_PROBLEM STATEMENT_:
Only the lines from the one containing "8638 N 8th Street, Phoenix, AZ 85020" to the end of the data are wanted; print them exactly as they appear.

_GIVEN ENTRIES_:
━━━━━━━━━━━━━━━━━━━━
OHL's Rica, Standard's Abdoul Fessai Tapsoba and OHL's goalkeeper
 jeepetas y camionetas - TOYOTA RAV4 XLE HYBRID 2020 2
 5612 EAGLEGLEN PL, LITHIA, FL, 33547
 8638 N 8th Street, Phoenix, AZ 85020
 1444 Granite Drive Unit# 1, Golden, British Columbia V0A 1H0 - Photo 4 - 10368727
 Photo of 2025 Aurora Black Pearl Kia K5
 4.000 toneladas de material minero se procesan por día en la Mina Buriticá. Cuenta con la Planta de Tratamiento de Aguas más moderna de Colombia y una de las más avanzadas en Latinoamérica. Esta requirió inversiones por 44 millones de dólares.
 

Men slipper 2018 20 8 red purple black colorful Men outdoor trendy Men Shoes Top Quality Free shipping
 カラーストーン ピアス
━━━━━━━━━━━━━━━━━━━━
_RESULT OF THIS TASK_:
 8638 N 8th Street, Phoenix, AZ 85020
 1444 Granite Drive Unit# 1, Golden, British Columbia V0A 1H0 - Photo 4 - 10368727
 Photo of 2025 Aurora Black Pearl Kia K5
 4.000 toneladas de material minero se procesan por día en la Mina Buriticá. Cuenta con la Planta de Tratamiento de Aguas más moderna de Colombia y una de las más avanzadas en Latinoamérica. Esta requirió inversiones por 44 millones de dólares.
 

Men slipper 2018 20 8 red purple black colorful Men outdoor trendy Men Shoes Top Quality Free shipping
 カラーストーン ピアス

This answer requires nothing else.